Lorsqu’en 1990 la bataille pour le leadership éclata au sein du parti conservateur anglais –l’ambitieux Michael Heseltine et ses partisans avaient décidé de détrôner Margaret Thatcher, la Dame de fer– John Major, qui était ministre des Finances, prit une décision insolite. Il alla chez son dentiste et lui demanda de lui faire enfin la lourde opération qu’on lui conseillait depuis des années: quelques extractions de chicots, une série d’implants dentaires, un ou deux bridges, etc. Sorti de là, Major avait la bouche hermétiquement close par un appareillage impressionnant. Quand des journalistes à l’affût le dénichaient et lui demandaient s’il était pour Heseltine ou pour Thatcher, il montrait sa tête de Robocop d’un air navré et secouait la tête: il lui était physiquement impossible de prononcer le moindre mot. Et il passait son chemin.
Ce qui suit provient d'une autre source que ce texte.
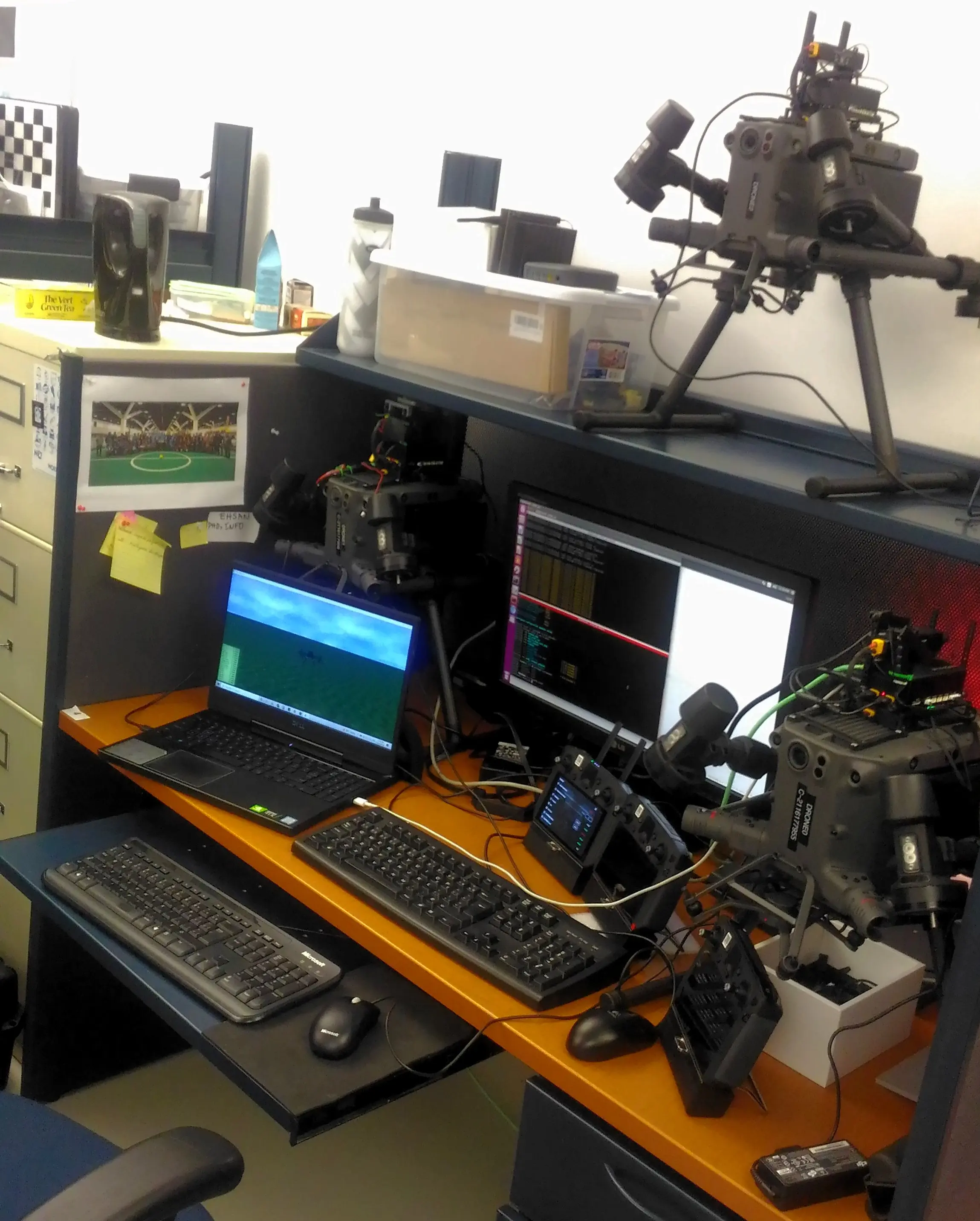 Hardware-in-the-loop setup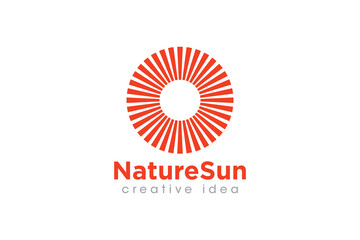 Creative Sun Concept Logo Design Template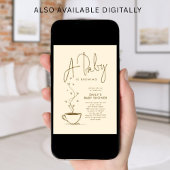 Minimalist Coffee Bean Baby is Brewing Shower  招待状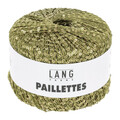 garnoegle af maerket paillettes fra lang yarns i farven kiwi gold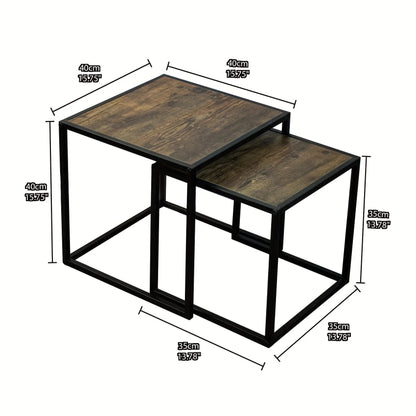 Coffee Table - Minimalist Metal Square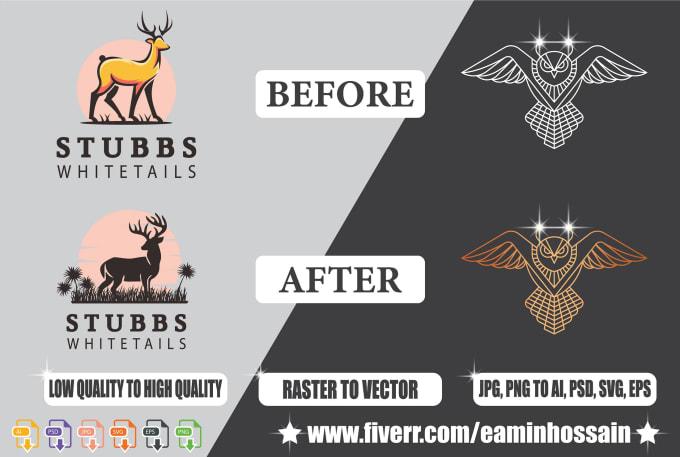 do fabulous redesign, edit, fix, vectorize your logo design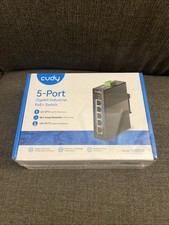 Cudy 5 Port Gigabit PoE Industrial Switch IG1005P DIN Rail 802.3af at picture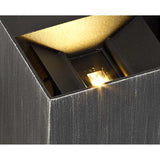 Dual Beam LED Wall Lamp, 6W Total, Warm White, IP54, Black/Silver, 3-Year Warranty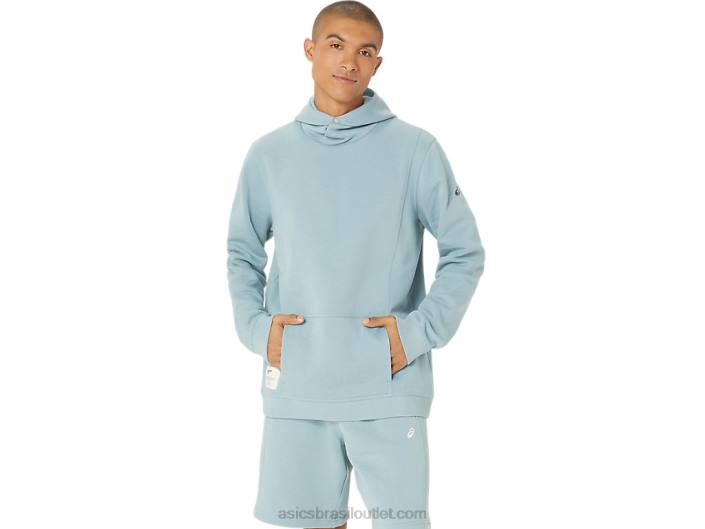 moletom de lã de domingo masculino 462T24 aço leve Asics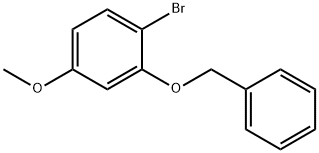 1-BROMO-4-METHOXY-2-PHENYLMETHOXYBENZENE Struktur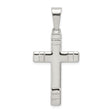 Sterling Silver Cross Pendant with Clean Lines and Mirror Finish for Men and Women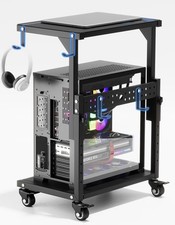 Computer Tower Stand, 6 Level Height Ajustable PC Tower Stand for Floor, Mobi...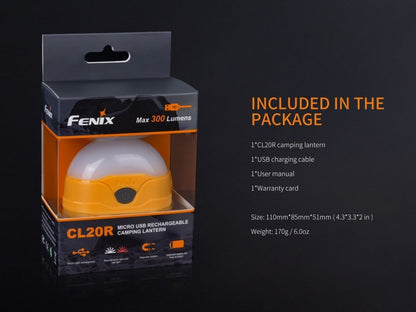 Fenix CL20R LED Rechargeable Camping Lantern - Angler's Pro Tackle & Outdoors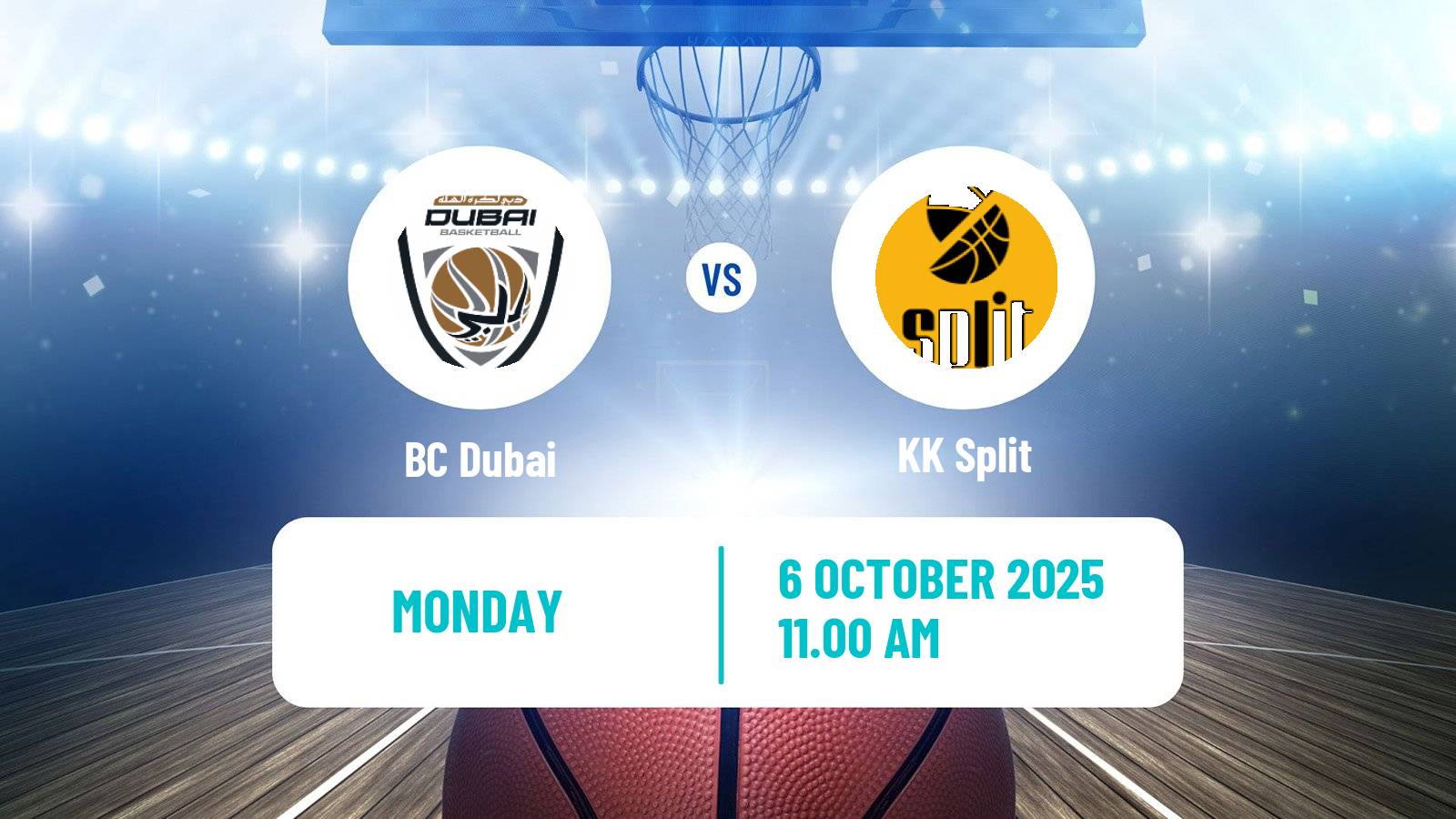 Basketball Adriatic League Dubai - KK Split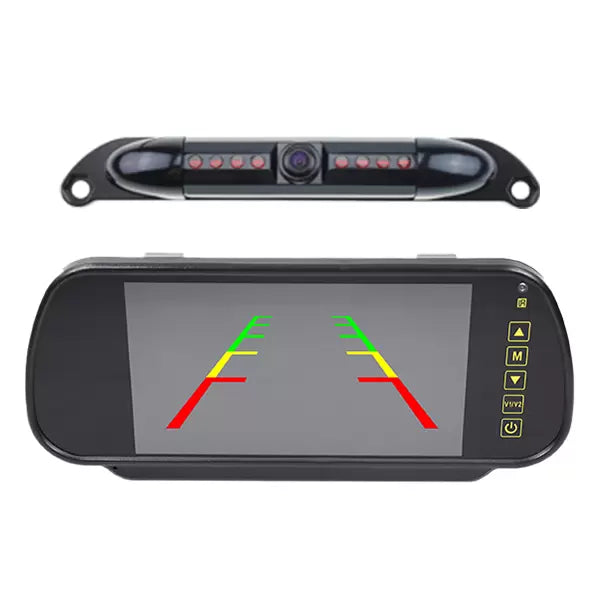 Durite 0-775-27A - 25cm number plate 720P camera, mirror monitor kit  Bx1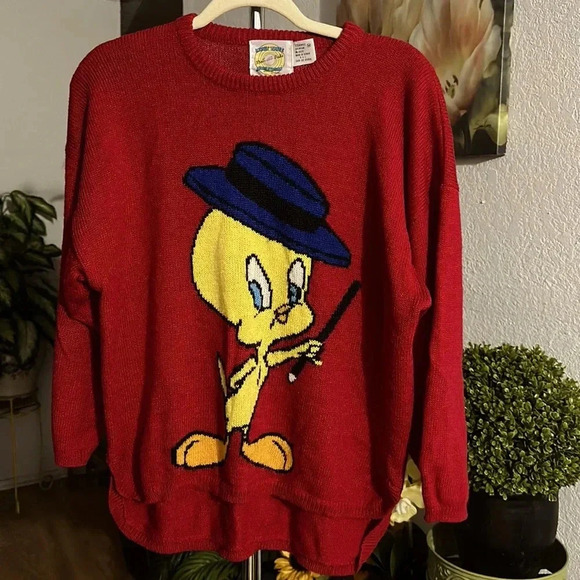 Looney tunes merrie melodies vintage sweater size M - Picture 1 of 8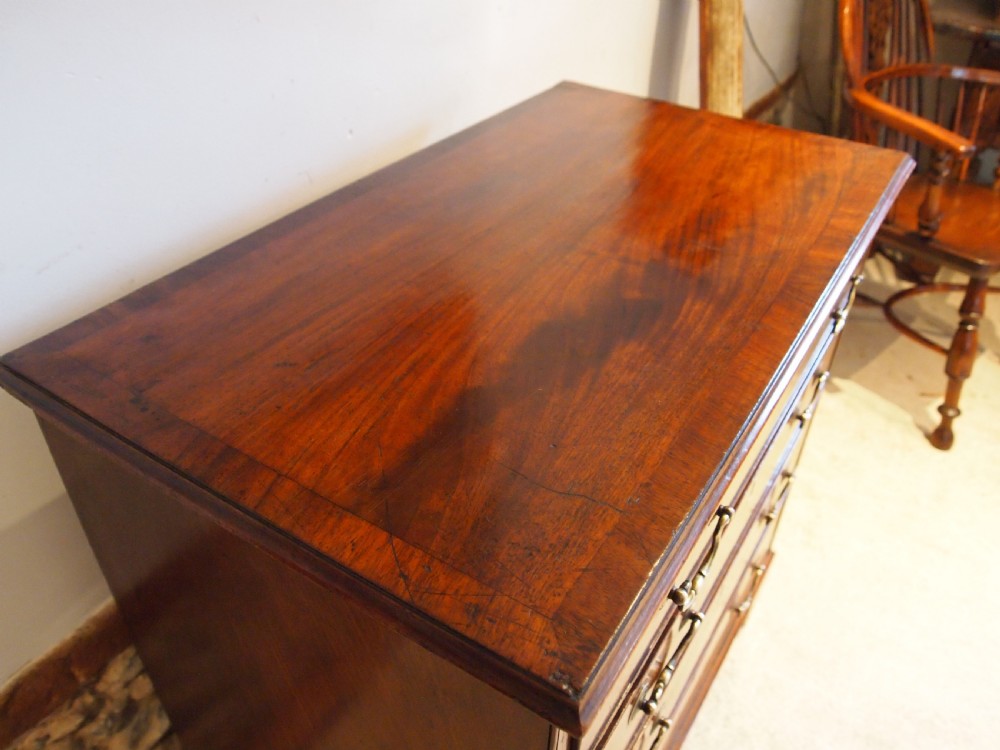 Chest of drawers small George III Bachelors Mahogany c1790 View VI
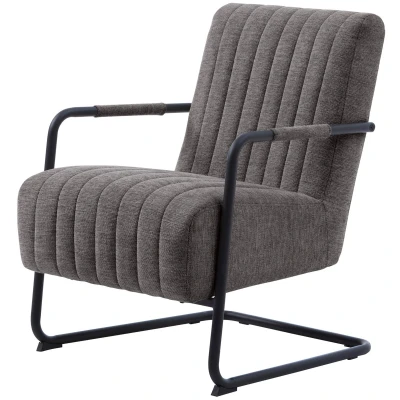 Afbeelding van Hygge Interiors Trout Donkergrijs Loungestoel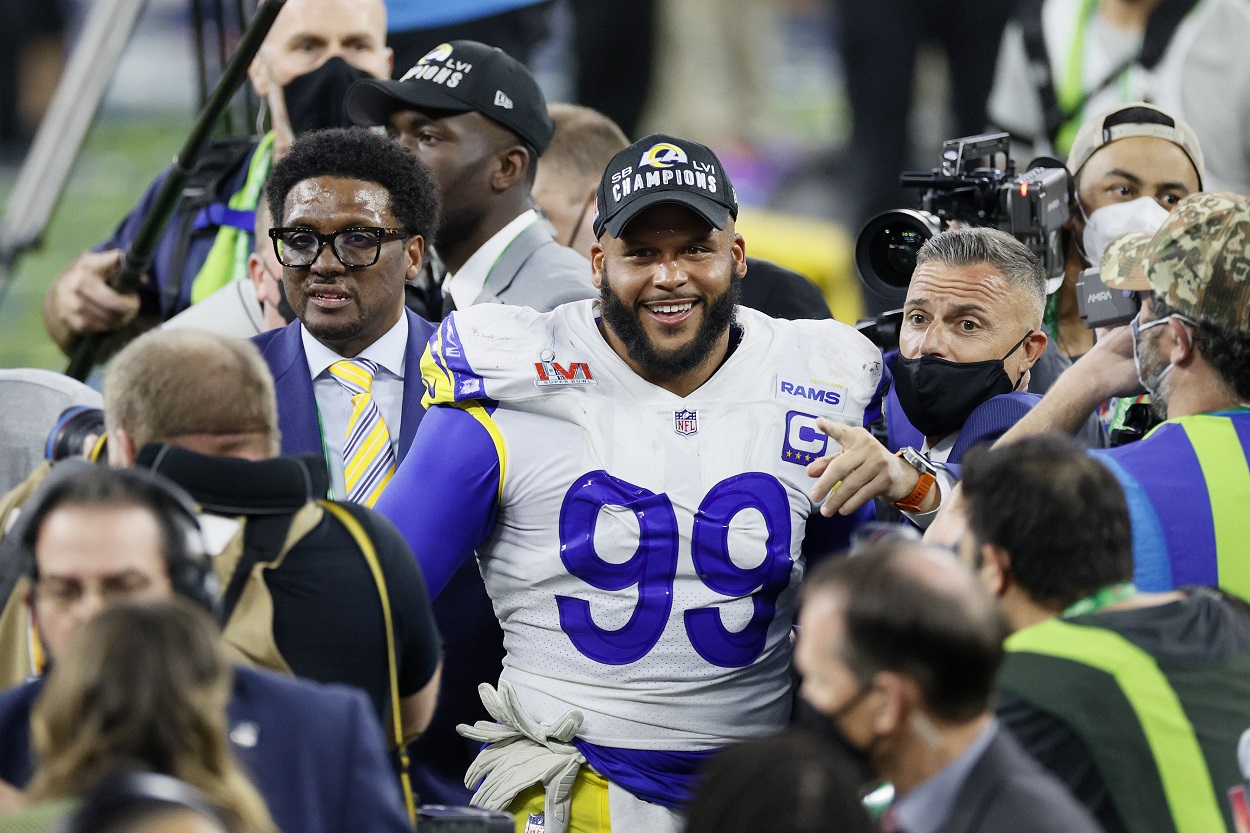 Aaron Donald Puts a Massive Stipulation on Running It Back With the Los Angeles Rams: ‘If We Bring Everybody Back…’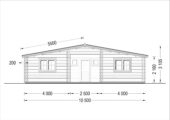Premium Blockbohlenhaus FRITZ (44 + 44mm) 60m² – Bild 7
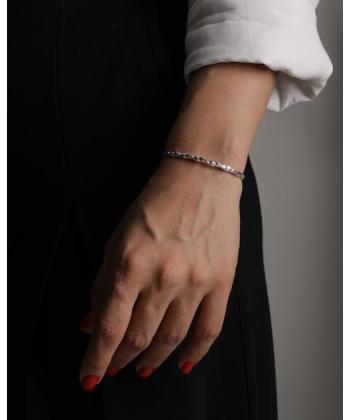 بنگل نقره زنانه سارو گالري مدل الماس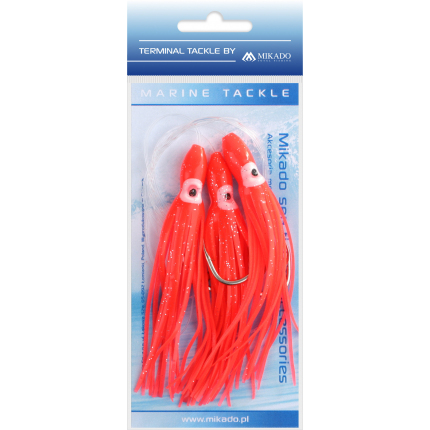 Mikado morský návazec octopus rig 10cm háčik: 3x7/0 červený 1 ks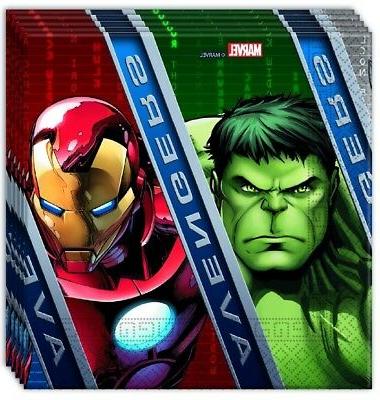 20 serviettes de table papier avengers fete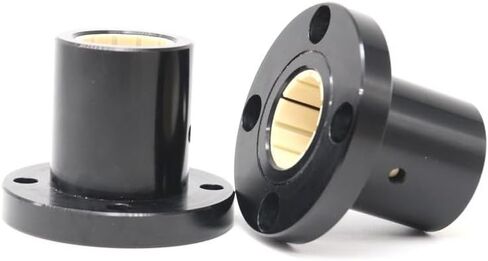 Engineering Plastics Linear Plain Bearings J-LMF10L/12L/16L/20L/25L/30L/35L/40L/50L Long Round Flange Bearing(J-LMF25L 25x40x112mm) in Saudi Arabia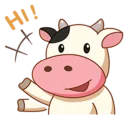 Sticker 👋 Momo Cow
Que croyez-vous qu’il arriva? Lorsque la bataille pour le leadership s’acheva et que le soleil se leva sur un champ de ruines et des protagonistes exténués, il fallut bien élire un nouveau leader. L’acrimonie était telle que ni un pro-Heseltine ni un pro-Thatcher ne pouvait être élu. On choisit donc l’homme qui n’avait rien dit: John Major. Il devint chef des conservateurs et Premier ministre. Il finit anobli par la Reine. Belle carrière pour un autodidacte –il n’avait même pas le bac. Son secret: il avait su se taire au bon moment.
Deux siècles avant lui, Joseph Fouché avait eu la même inspiration. Il était ministre de la police quand il eut vent d’une tentative de coup d’Etat menée par un jeune général ambitieux, un certain Bonaparte, le 18 brumaire an VIII (9 novembre 1799). Fouché rentra chez lui, se déshabilla, mit son bonnet de nuit et se glissa dans son lit. Il avertit son valet qu’il ne fallait le réveiller sous aucun prétexte. Tous ceux qui se présentèrent à sa porte furent éconduits. Paris bruissait des mêmes questions:– Que dit Fouché? Que pense Fouché? Que fait Fouché?
Nul ne le savait. L’habile homme dormait, d’un seul œil sans doute, mais il dormait, attendant la suite des événements. Le coup d’Etat réussit et ce fut le début de la prodigieuse carrière de Napoléon. Il n’oublia pas Fouché, qui ne s’était pas opposé à son coup de force puisqu’il n’avait rien dit. Il le fit duc d’Otrante. L’illustre flic finit sa carrière sous la monarchie restaurée, comme ambassadeur au royaume de Saxe. Là aussi, il sut se taire.
Des siècles avant John Major et Fouché, les Spartiates avaient érigé l’art de se taire en dogme. Sait-on assez que l’adjectif ‘laconique’ vient de Lacon, autre nom de Sparte?
Le cardinal de Retz a donné dans ses Mémoires, une forme littéraire parfaite à cette attitude: “On ne sort de l’ambiguïté qu’à son détriment.”
Et maintenant, vous devez vous demander, amis lecteurs, pourquoi je raconte toutes ces anecdotes, certes plaisantes mais dont l’actualité n’est peut-être pas évidente? Que si, amigos, que si. Un de nos ministres s’est récemment attiré les foudres de la vox populi pour avoir trop parlé. Il est coutumier du fait, semble-t-il. Et si on se cotisait pour lui offrir la superbe biographie de Fouché par Stefan Zweig?
De façon plus générale, je propose respectueusement au Secrétaire général du gouvernement de faire graver sur le maroquin officiel de chacun de nos ministres ce dicton bien connu mais, hélas, bien peu pratiqué: “La parole est d’argent mais le silence est d’or.”